Future Learning

Networked Camping GroundI have recently finished reading Disciplining and drafting, or 21st century learning? by Rachel Bolstad and Jane Gilbert and found it incredibly timely as we are planning the learning design for our new school.

Some of the brief highlights of this book for me were:

  • “Knowledge is innovation. Its role is to generate new knowledge, to do things.”
  • The importance of developing systems level of understandings and higher order thinking skills
  • A need to shift focus from skills to dispositions

All of this aligns nicely with what we have been working towards so far at Hobsonville Point Secondary School. We have created a focus on 14 dispositions called our Hobsonville Habits: Resilience, Responsiveness, Resourcefulness, Curious, Passionate, Strives for Excellence, Collaborative, Contributive, Creative, Integrity, Purposeful, Critical, Reflective, Entrepreneurial. We are also doing very well at working towards a model that will resemble their metaphor for learning of “A networked camping ground” which you can see in the image above.
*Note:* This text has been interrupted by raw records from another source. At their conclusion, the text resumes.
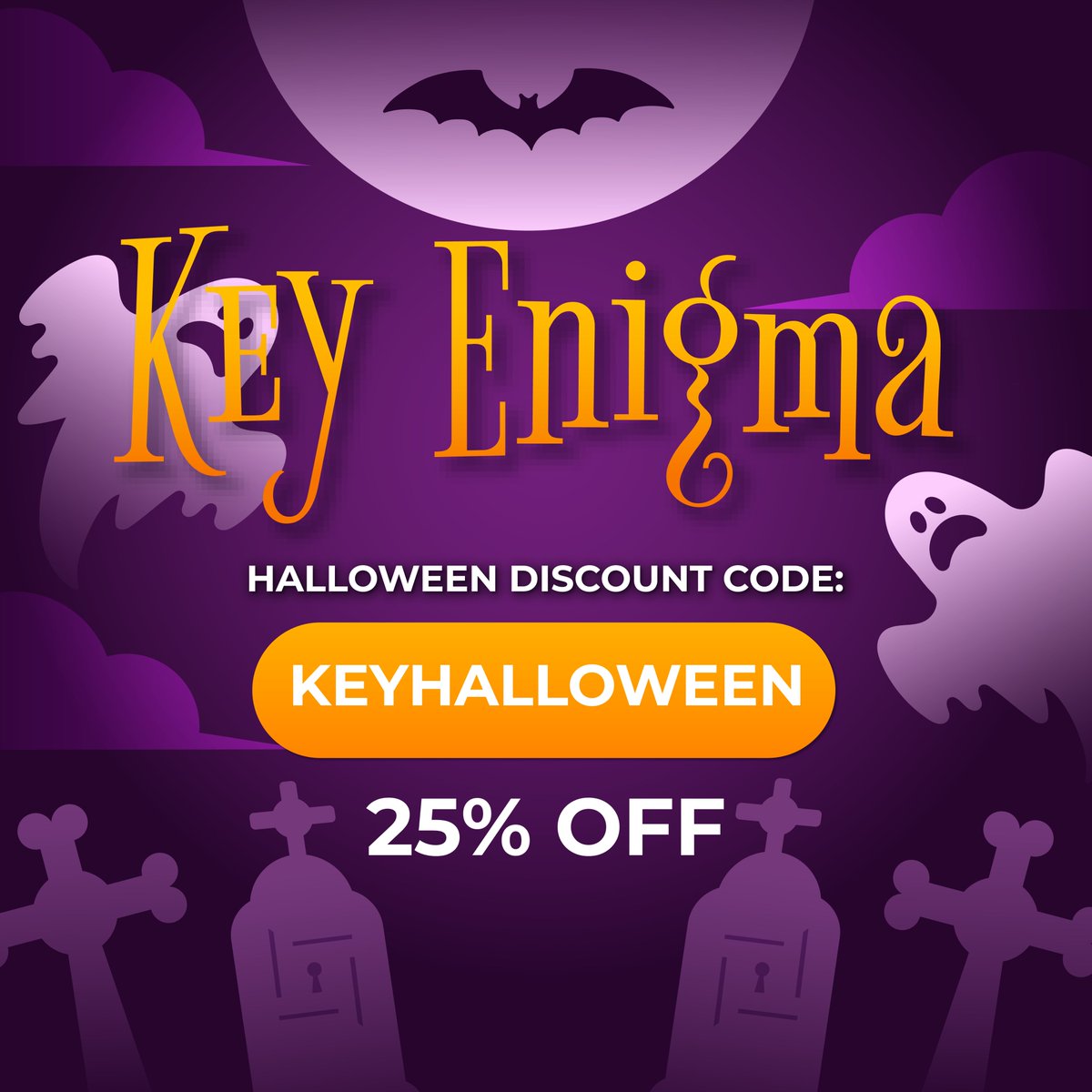 #Trick or #Escape! 👻 There are many #mysteries to solve on the terrifying night of #Halloween🎃 If you are brave enough to face them... all Key Enigma cases have a 25% off🎟️with the code: KEYHALLOWEEN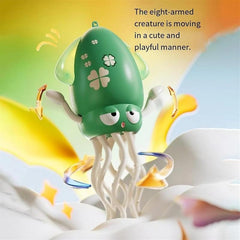 Electric Dancing Octopus Toy, Electric Automatic Obstacle Avoidance Octopus with Rod, with LED Lights & Music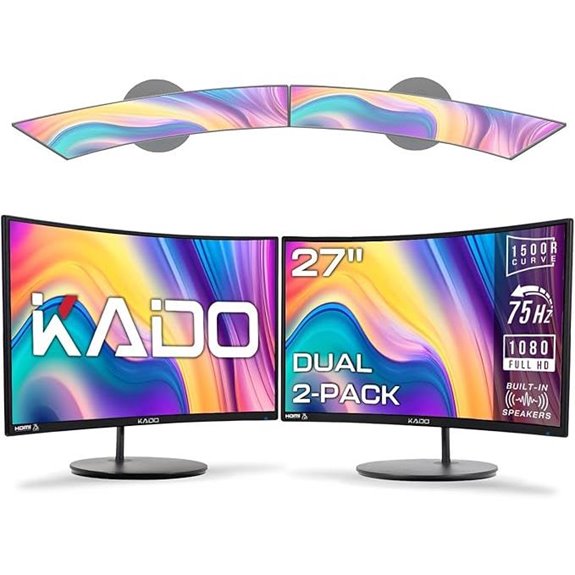 Kado 27 Dual Curved Monitors with HDMI & Speakers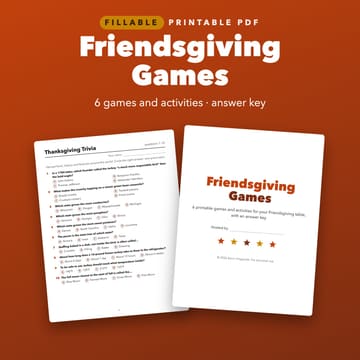 Friendsgiving Games Printable, cover
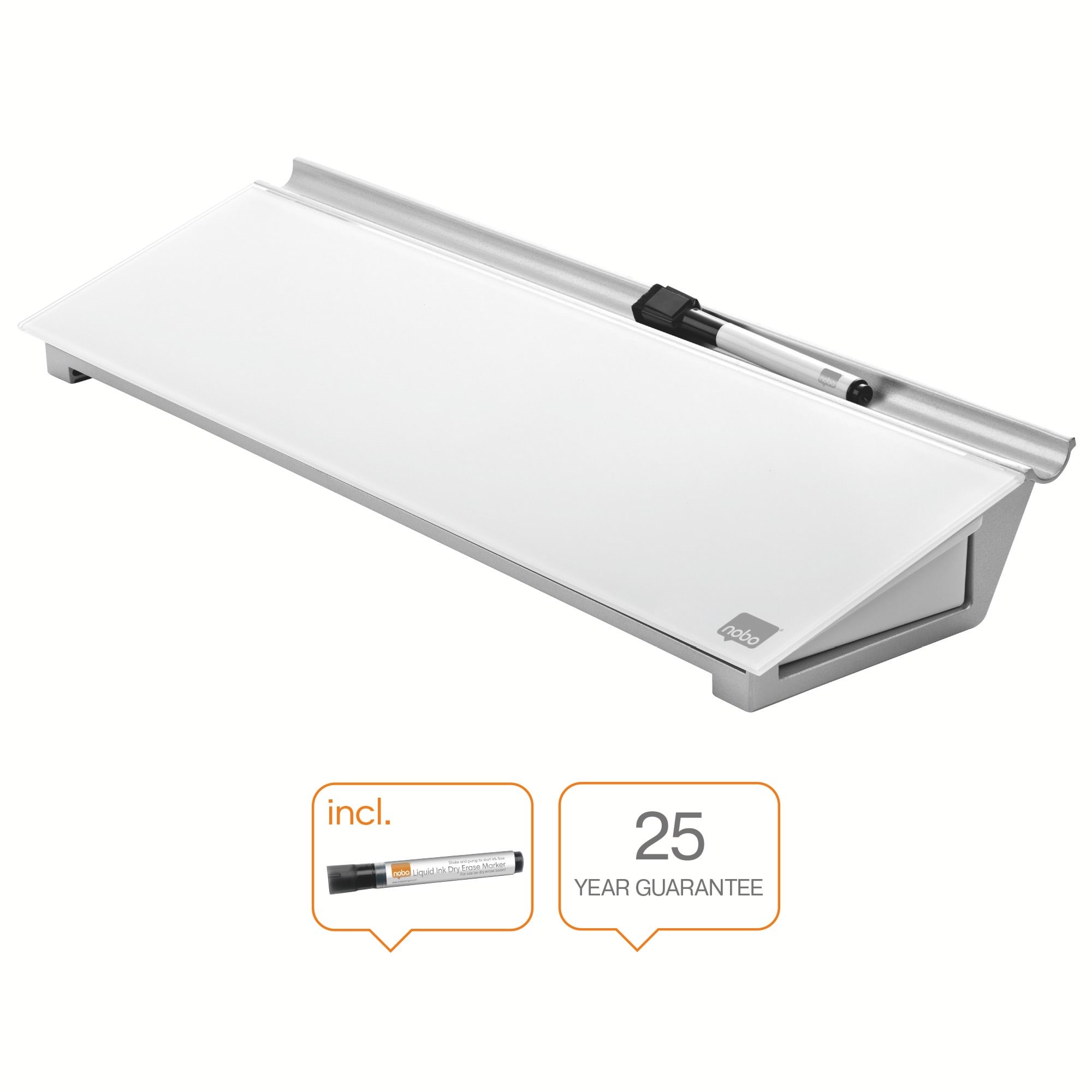 Nobo Nobo Schreibtisch-whiteboard Aus Glas, Weiß - Schreibtischzubehoer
Under this metaphor for learning, school is really viewed as part of it’s community. There is reciprocity between students learning and community issues and students develop portfolios to track their learning. Teachers move from being the source of knowledge to being a learning coach which will require them to know about a range of subject areas for that coaching to be available. The personalisation of learning will be based on a strong teacher student partnership.

This metaphor is exactly what Hobsonville Point Secondary School is working towards as our goal at present. Community projects figure so strongly in our vision for learning that Sarah Wakeford has been employed as the Learning Partnerships Leader to engage with the community and set up partnerships for learning. Already she is having meetings with the Hobsonville Land Group, Auckland Sustainable Business Network, Kaipatiki Project etc. etc. Our Learning Team Leaders are developing the models that will help the teacher student relationships to develop strongly within our learning hubs and Learning Coaches will be responsible for a maximum of 15 students and supporting them in their learning goals. The Specialised Learning Leaders have been hacking the New Zealand Curriculum and working out a learning process that will allow for more natural integration between the learning areas so learning can be more authentic.

The biggest challenge for us from this book is the idea of developing Prosumers: learners who are actively involved in their own learning plus develop the capacity to invent, design and co-produce themselves. They will undertake their own needs assessment and design their own programme of learning. This is where the real transformation of education occurs. It will require us to imagine new roles for teachers and the system – which we have done so far, but can we continue pushing towards this goal once the school opens for real.

Right now, we are gaining rapid momentum towards this goal. All teams are feeling the joy of progress on our particular tasks and revelling in the intense lab atmosphere.

Our "Lab"

Our “Lab”

Our challenge is now maintaining this momentum over the long haul.